- [WORK REQUEST] Look for the line with "Thanksgiving Floral Arrangement"; please transcribe it and every later line in the entries exactly, up to the end, leaving pictures out.

[Short descriptive text snippets]
##############################

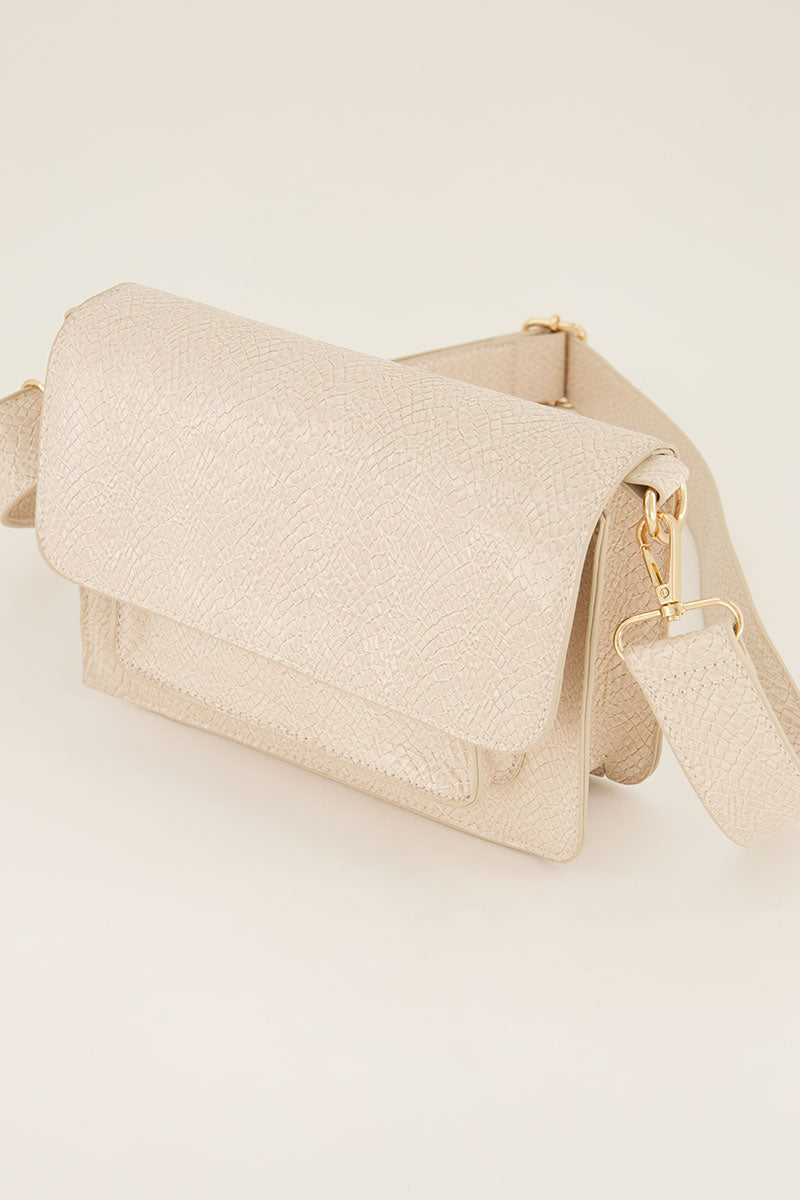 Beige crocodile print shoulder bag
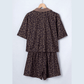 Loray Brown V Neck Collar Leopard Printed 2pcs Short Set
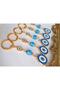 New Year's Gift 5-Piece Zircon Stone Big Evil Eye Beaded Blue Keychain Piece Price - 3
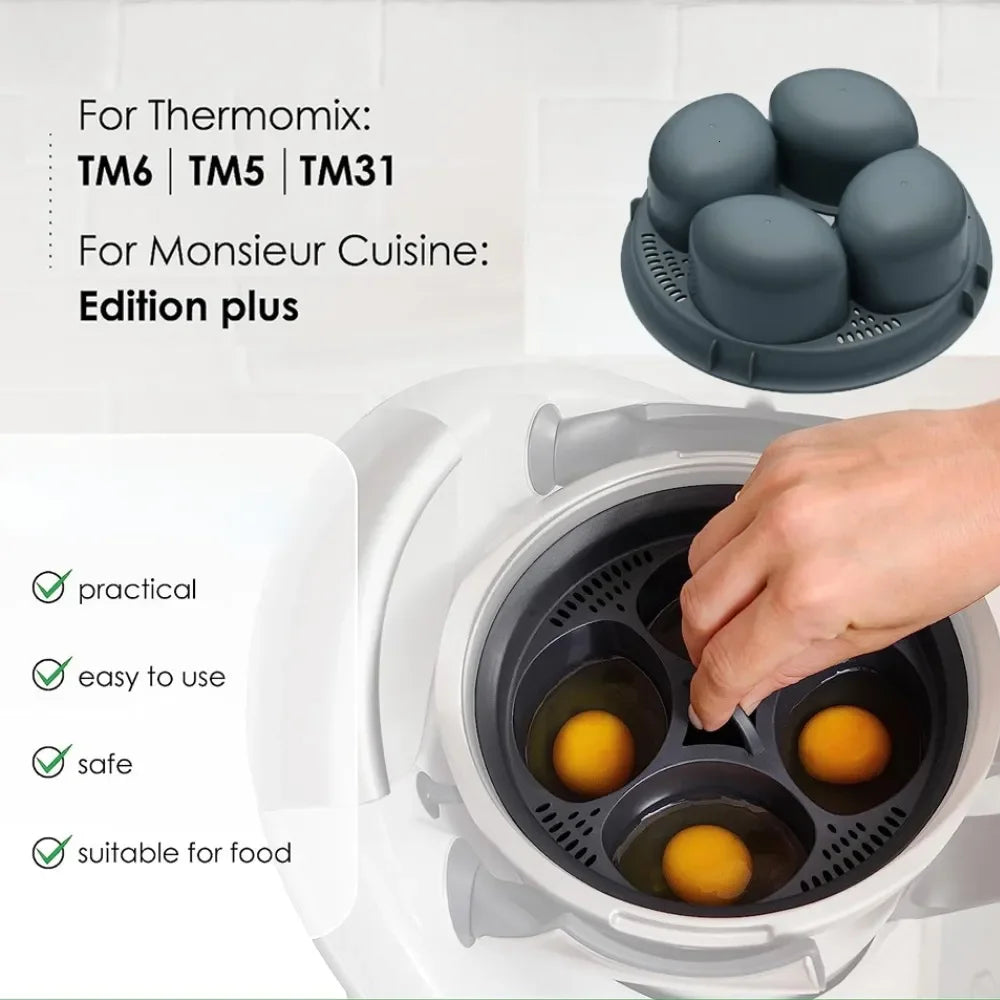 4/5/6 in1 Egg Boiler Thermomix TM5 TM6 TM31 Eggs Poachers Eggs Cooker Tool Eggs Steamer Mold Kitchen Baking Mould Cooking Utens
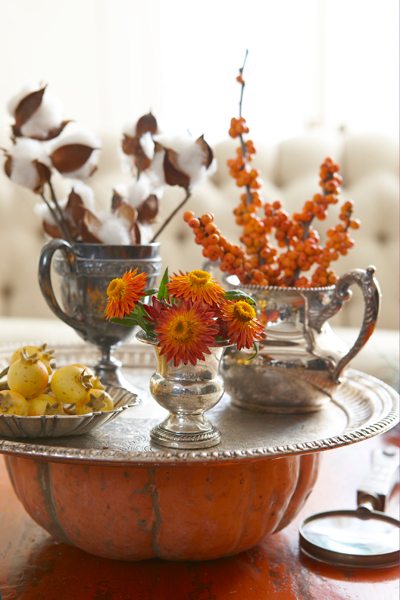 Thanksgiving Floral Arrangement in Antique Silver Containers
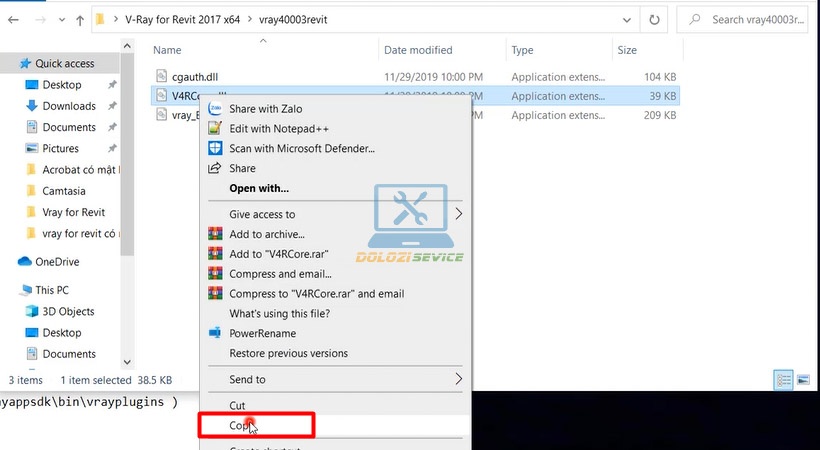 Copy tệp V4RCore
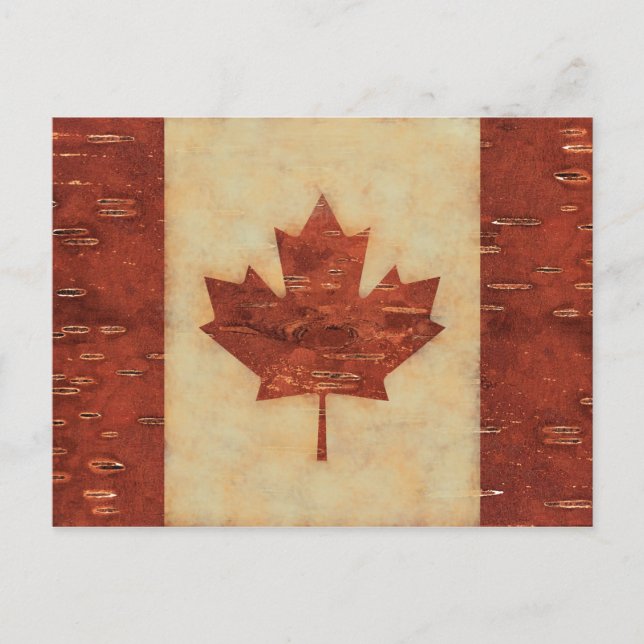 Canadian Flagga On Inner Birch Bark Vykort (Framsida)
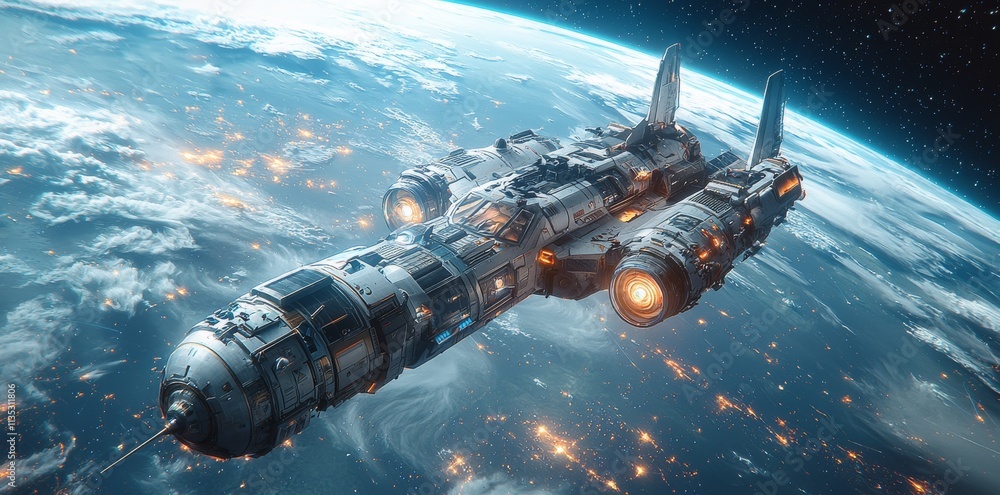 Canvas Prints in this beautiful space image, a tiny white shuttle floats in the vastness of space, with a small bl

##############################

- [EXERCISE RESPONSE]
 Thanksgiving Floral Arrangement in Antique Silver Containers
 Copy tệp V4RCore
 Canadian Flagga On Inner Birch Bark Vykort (Framsida)
 Canvas Prints in this beautiful space image, a tiny white shuttle floats in the vastness of space, with a small bl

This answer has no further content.